Era una empresa helada acampar en abril, en las montañas, y una vez que se detuvieron en un pueblo fue éste un alivio bienvenido. Era un lugar pequeño, cuatro casas de madera junto a una ruidosa corriente de agua en un cañón, a la sombra de grandes picos circundados de nieve; pero tenía nombre, Besdio, y Estrel había estado allí una vez, siendo niña, según le contó a Falk. La gente de Besdio, entre ellos una pareja de piel blanca y pelo obscuro como la propia Estrel, hablaron con ella brevemente. Hablaban en la lengua de los Merodeadores; Falk siempre había hablado en Galaktika con Estrel y no había aprendido esta lengua occidental. Estrel explicaba y señalaba hacia el este y el oeste; la gente de la Montaña asentía fríamente y estudiaba cuidadosamente a Estrel, mirando apenas a Falk por el rabillo del ojo. Formularon unas pocas preguntas y les dieron comida y cobijo por una noche pero con una actitud fría y extraña que hizo sentir a Falk ligeramente intranquilo.
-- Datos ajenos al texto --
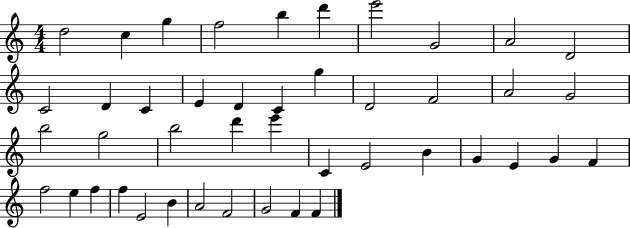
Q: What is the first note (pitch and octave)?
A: D5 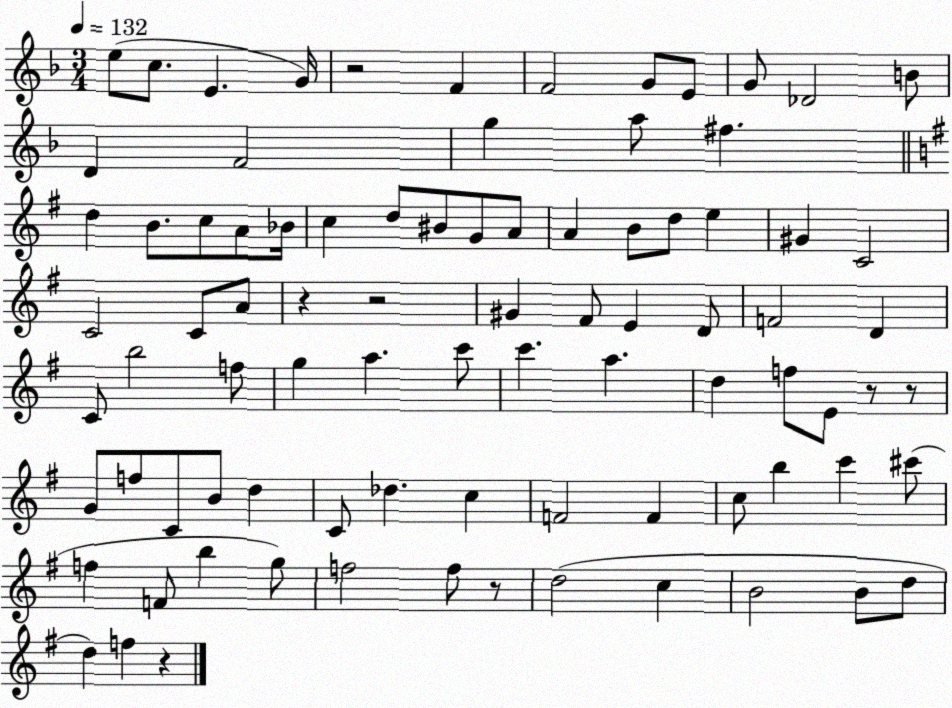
X:1
T:Untitled
M:3/4
L:1/4
K:F
e/2 c/2 E G/4 z2 F F2 G/2 E/2 G/2 _D2 B/2 D F2 g a/2 ^f d B/2 c/2 A/2 _B/4 c d/2 ^B/2 G/2 A/2 A B/2 d/2 e ^G C2 C2 C/2 A/2 z z2 ^G ^F/2 E D/2 F2 D C/2 b2 f/2 g a c'/2 c' a d f/2 E/2 z/2 z/2 G/2 f/2 C/2 B/2 d C/2 _d c F2 F c/2 b c' ^c'/2 f F/2 b g/2 f2 f/2 z/2 d2 c B2 B/2 d/2 d f z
El establo donde durmieron era cálido, sin embargo, con el calor animal del ganado y las cabras y las aves de corral que allí se apretujaban en compañía olorosa y tranquila. Mientras Estrel conversaba unos momentos más con sus huéspedes en la cabaña principal, Falk se dirigió al establo y se puso cómodo. En el pesebre armó una lujuriosa cama doble de heno y estiró sus rollos de dormir sobre ella. Cuando llegó Estrel ya estaba casi dormido, pero se despertó lo suficiente como para señalar:
—Me alegro de que hayas venido… Huelo algo oculto aquí, pero no sé qué.
—No es eso todo lo que yo huelo.
Esta era la oportunidad en que Estrel había estado más próxima a hacer un chiste, y Falk la miró sorprendido.
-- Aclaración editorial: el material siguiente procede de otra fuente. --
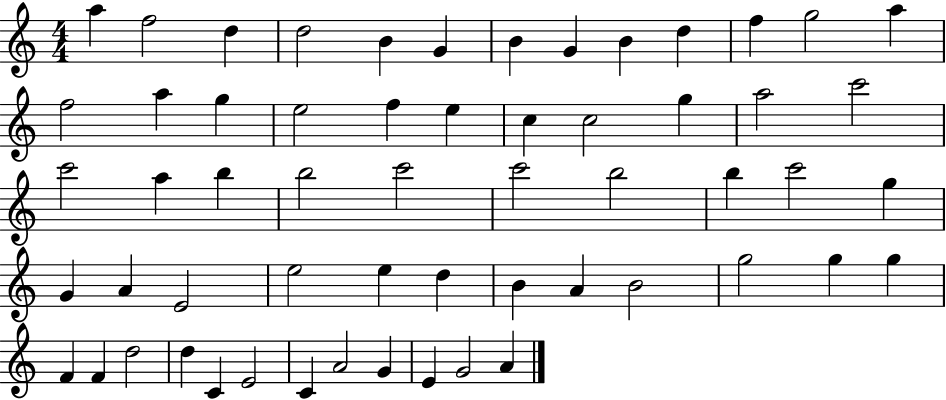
A5/q F5/h D5/q D5/h B4/q G4/q B4/q G4/q B4/q D5/q F5/q G5/h A5/q F5/h A5/q G5/q E5/h F5/q E5/q C5/q C5/h G5/q A5/h C6/h C6/h A5/q B5/q B5/h C6/h C6/h B5/h B5/q C6/h G5/q G4/q A4/q E4/h E5/h E5/q D5/q B4/q A4/q B4/h G5/h G5/q G5/q F4/q F4/q D5/h D5/q C4/q E4/h C4/q A4/h G4/q E4/q G4/h A4/q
—Estas contenta de la proximidad a la Ciudad. ¿No es cierto? —preguntó el—. Ojalá yo lo estuviera.
—¿Por qué no habría de estarlo? Allí espero encontrar a los míos; en caso contrario, los Amos me ayudarán, y allí también tú encontrarás lo que buscas, y te será restaurada tu herencia.
—¿Mi herencia? Pensé que creías que era un Raze.
—¿Tú? ¡Nunca! Me imagino que no creerás, Falk, que los Shing han andado con tu mente. Una vez lo dijiste, allá abajo, en las llanuras, y entonces no te comprendí. ¿Cómo podrías pensar que eres un Raze, o cualquier otro hombre? ¡Tú no has nacido en la Tierra!
Pocas veces había hablado ella con tanta decisión. Lo que dijo lo reanimó pues coincidía con su propio pensamiento, pero que ella lo dijera, le resultó ligeramente molesto, pues durante tanto tiempo lo había callado. Luego él vio algo que pendía de un cordel atado a su cuello.
—Te dieron un amuleto —esa era la causa de su alegría.
—Sí —dijo ella mientras miraba con satisfacción el pendiente—. Profesamos la misma fe. Ahora todo nos saldrá bien.
Él sonrió ligeramente ante su superstición, pero le alegró que le procurara consuelo. Cuando decidió dormirse supo que ella estaba despierta, con los ojos abiertos en la oscuridad, impregnada con el olor y el suave aliento y la presencia de los animales. Cuando el gallo cantó antes de que amaneciera, se despertó a medias y la escuchó orar al amuleto en la lengua que él desconocía.